* Problem details *
In the entries below, find the line with "Windows XP, Vista, 7, 8.1, 10, 11, Ubuntu" and the line with "Kachel Escape Room"; reproduce those two lines and all lines between them exactly, without pictures.

* Record extracts *
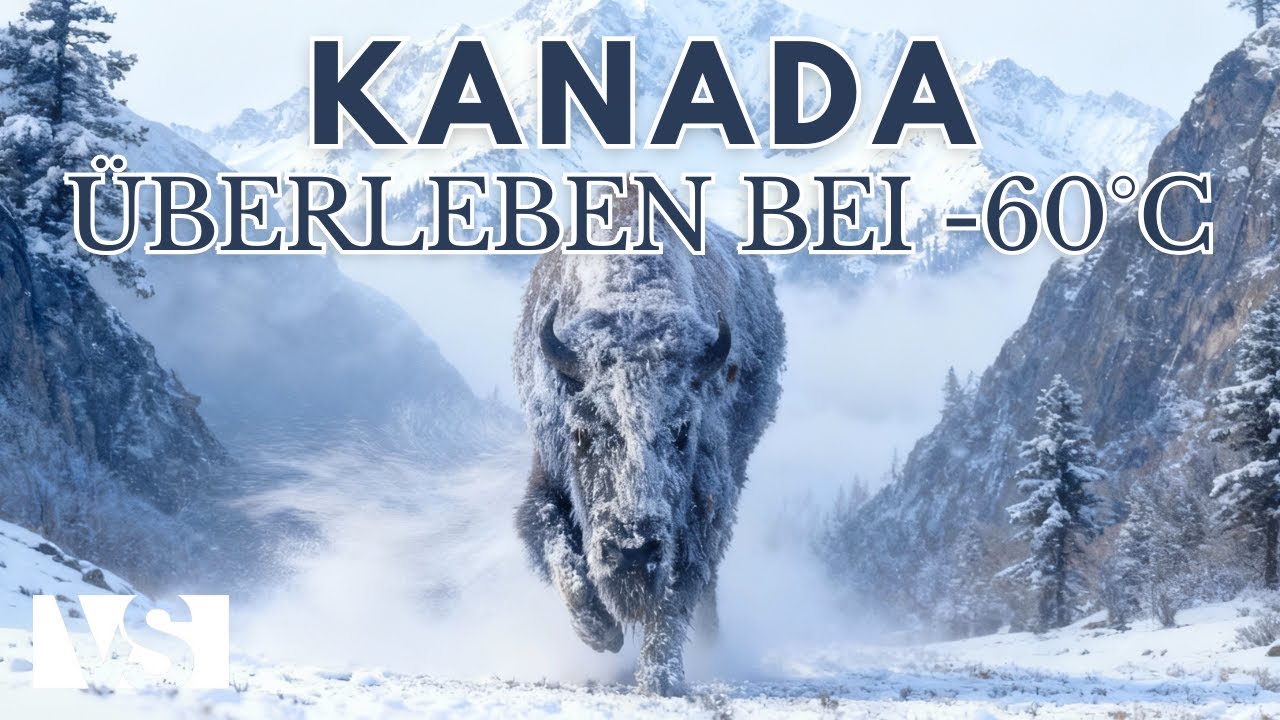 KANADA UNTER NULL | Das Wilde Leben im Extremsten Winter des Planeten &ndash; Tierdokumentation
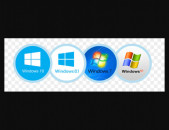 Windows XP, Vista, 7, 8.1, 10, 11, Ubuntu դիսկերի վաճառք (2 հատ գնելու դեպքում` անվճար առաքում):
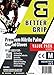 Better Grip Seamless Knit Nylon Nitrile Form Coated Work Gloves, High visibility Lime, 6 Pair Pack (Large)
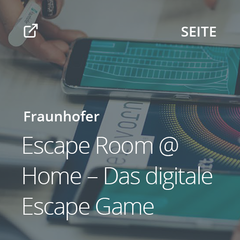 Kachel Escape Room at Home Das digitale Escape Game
==
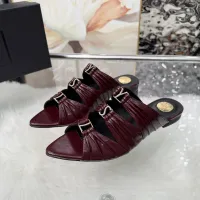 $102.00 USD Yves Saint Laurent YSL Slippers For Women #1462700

* Response for this exercise *
 Windows XP, Vista, 7, 8.1, 10, 11, Ubuntu դիսկերի վաճառք (2 հատ գնելու դեպքում` անվճար առաքում):
 Better Grip Seamless Knit Nylon Nitrile Form Coated Work Gloves, High visibility Lime, 6 Pair Pack (Large)
 Kachel Escape Room at Home Das digitale Escape Game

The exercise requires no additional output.